In questa prospettiva, l’esperienza corporea si articola in tre dimensioni:
- la dimensione percettiva (senso di propriocezione generale e percezione delle sensazioni interne al corpo)
- la dimensione emozionale (connessa alla percezione delle modificazioni corporee ed ai pensieri sull’aspetto estetico)
- ed infine la dimensione cognitiva (in cui rientra il condizionamento culturale sui canoni di bellezza e sugli ideali estetici che caratterizzano gli stereotipi sociali) (Rezzonico e Strepparava, 1998).
Lo schema corporeo corrisponde alla percezione diretta del proprio sé corporeo e presiede all’orientamento delle parti del corpo in relazione le une alle altre.
L’immagine corporea è, invece, un costrutto multidimensionale che comprende le dimensioni sensoriali, affettive, cognitive, emozionali e culturali.
L’immagine corporea assume, dunque, un ruolo fondamentale nell’interpretazione della realtà e nell’attribuzione di significato alle esperienze.
Tuttavia, un costrutto così complesso può essere soggetto a molteplici alterazioni, che vengono definite da Thompson (1995) come “ogni forma di disturbo affettivo, cognitivo, comportamentale o percettivo direttamente connesso con l’aspetto fisico”. Tra queste si possono trovare: l’insoddisfazione per il proprio aspetto estetico, l’eccessiva importanza attribuita alla forma e peso corporeo che può portare il soggetto ad esercitare un controllo ossessivo su di esso, una ridotta consapevolezza delle proprie sensazioni e stati interni e l’evitamento di costi sociali in cui vi è la possibilità di giudizio rispetto al proprio corpo.
La fenomenologia oltrepassa il concetto di schema corporeo e cerca un’articolazione tra il biologico e lo psicologico poiché non è possibile differenziare fisico e psichico del corpo, nel momento in cui si pensa al corpo come al veicolo del” essere al mondo”, che acquisisce significato nel rapporto con gli altri.

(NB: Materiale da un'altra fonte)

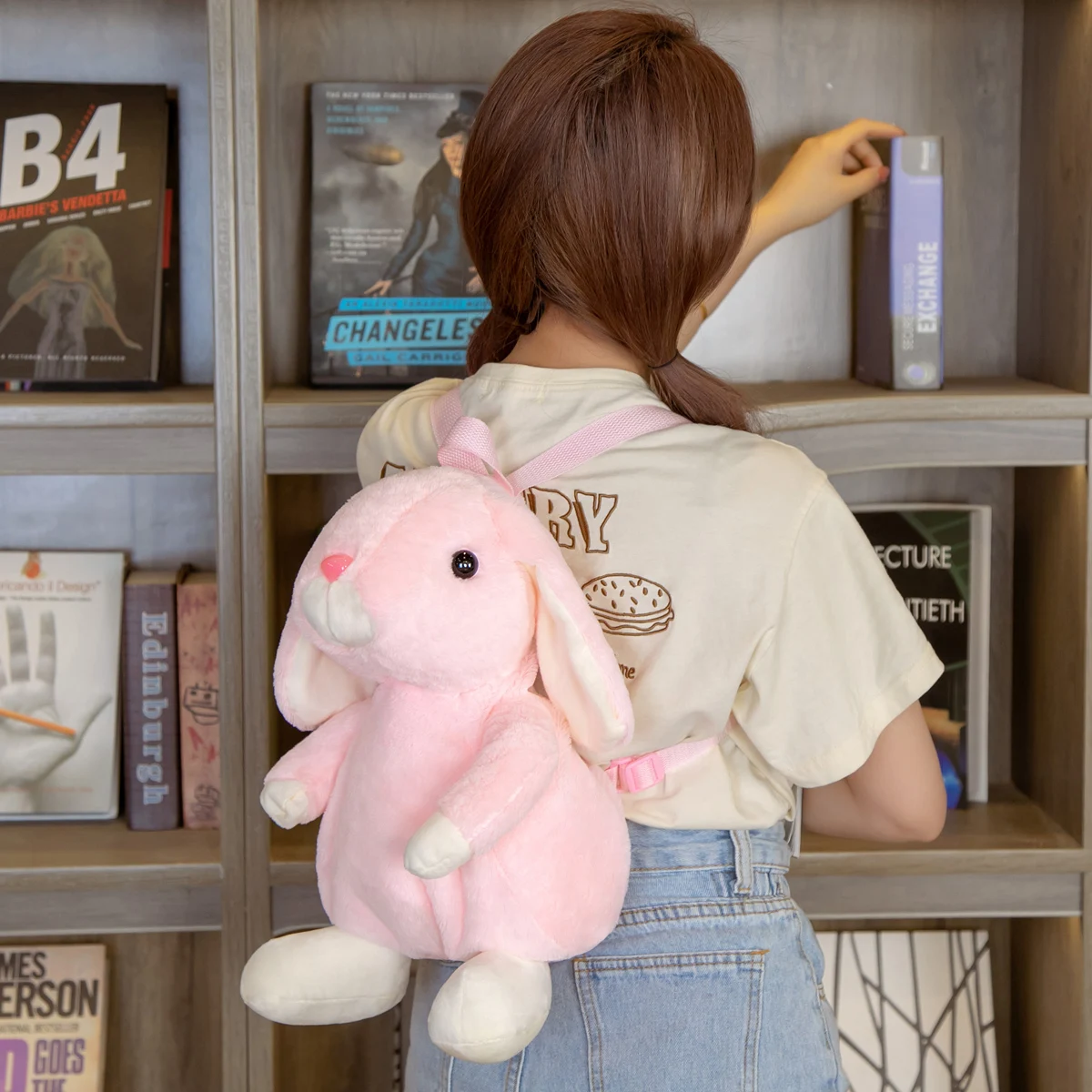 A cute plush droopy-eared rabbit backpack, a two-dimensional girl's heart creative soft and cute rabbit backpack, a birthday gif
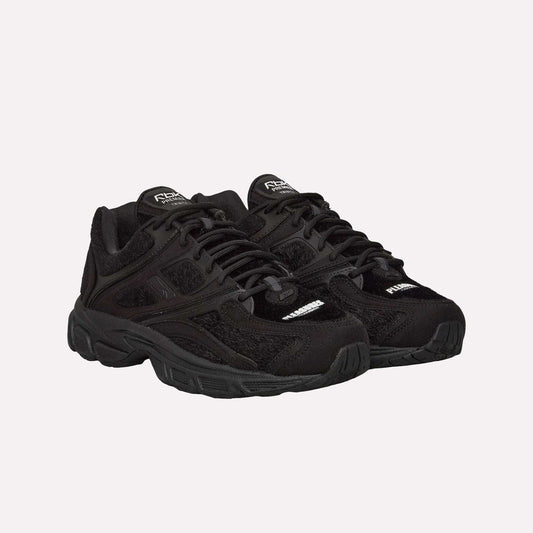 The Reebok Pleasures Premier Trinity KFS Shoes are black athletic sneakers with thick soles, mesh accents, and a unique pony hair upper, displayed on a plain light blue background.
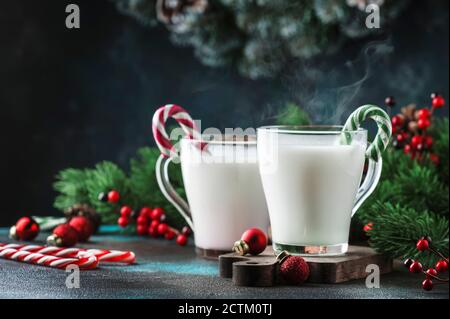 Heißer Winter-Weißgetränk mit Candy Sticks, Weihnachten oder Neujahr Dekorationen, dunkler Hintergrund, rustikalen Stil, Kopierraum Stockfoto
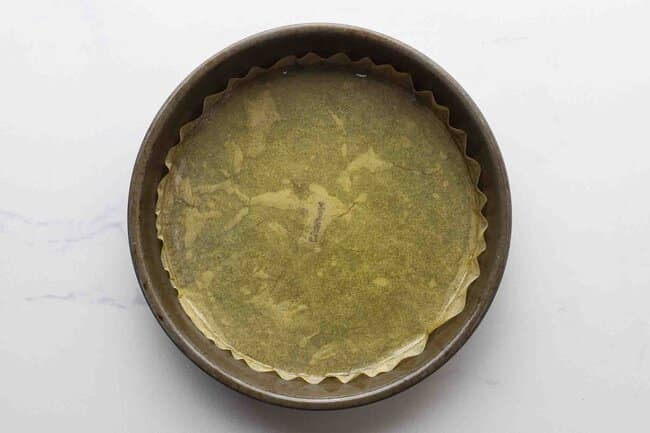 Oil-covered parchment paper in a cake pan.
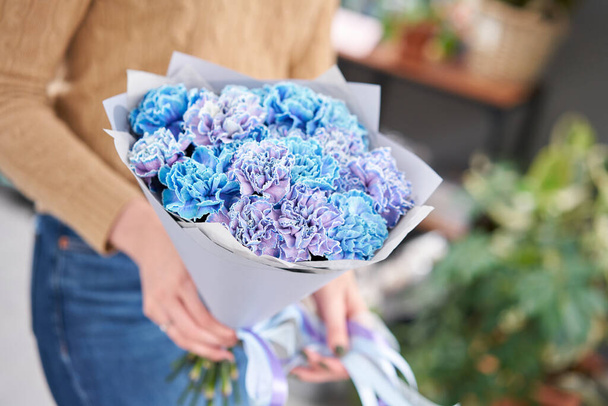 Mono bouquet of blue carnations in woman hand. Unusual flowers dianthus . Spring flower pattern - 写真・画像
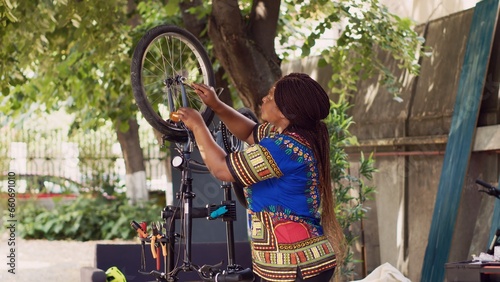 Motivated black woman fine-tuning bicycle tire in home yard with an assortment of professional tools. Young african american lady realigning and securing bike wheel for summer leisure cycling.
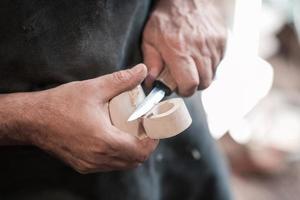 mains découpant une tasse en bois, travaillant avec un ciseau en gros plan. atelier en bois. processus de fabrication d'ustensiles de cuisine en bois photo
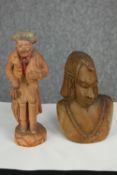A terracotta figure and a carved bust. The figure showing remains of colouring now mostly lost. H.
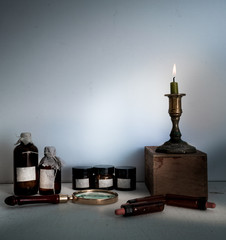 Obraz na płótnie Canvas old pharmacy. bottles, jars, candle on wooden shelves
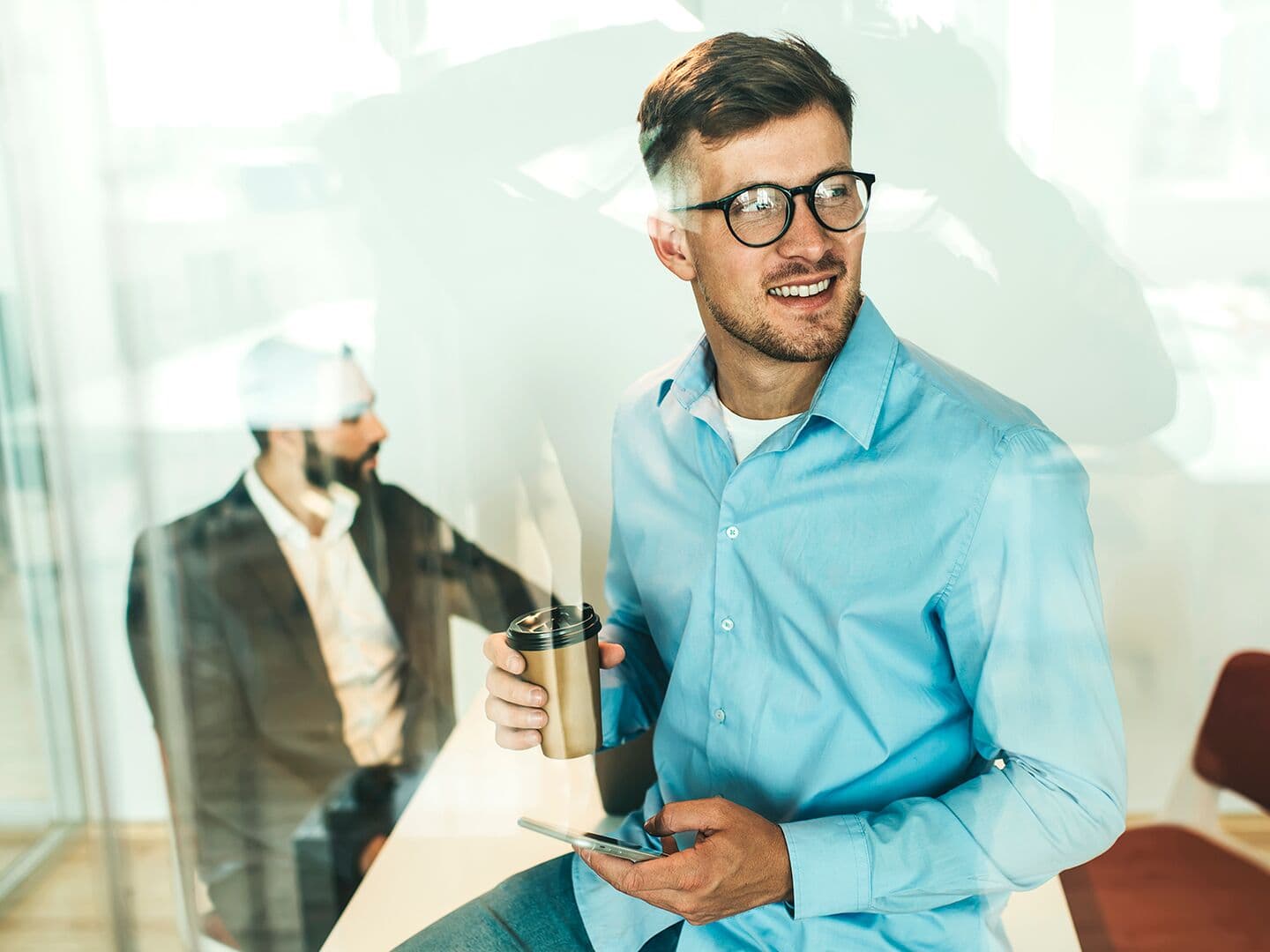 Man holding a cup of coffee with glasses inside an office with a phone on hand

BIBLIOGRAFIA: Zappa L. (2009), Alice in fuga dallo specchio. Il disturbo dell’immagine corporea nell’Anoressia Nervosa e nei DCA. Un modello integrato di trattamento, Franco Angeli – Rezzonico G., Strepparava M.G., (1998). Schema corporeo ed immagine corporea nei disturbi alimentari psicogeni, in Bauer B., Ventuta MT (a cura di) Oltre la dieta. Una nuova cultura per i disturbi alimentari. Centro scientifico ed., Torino, 258-86. – Thompson, J.K. & Gray J.J. (1995). Development and validation of a new body image assessment scale. Jurnal of Personality Assessment, 64:258-269. – Zazzo R. (1978). Immagine speculare e immagine antispeculare. Esperienze sulla costruzione dell’immagine di sè. Età evolutiva, 1:5-11.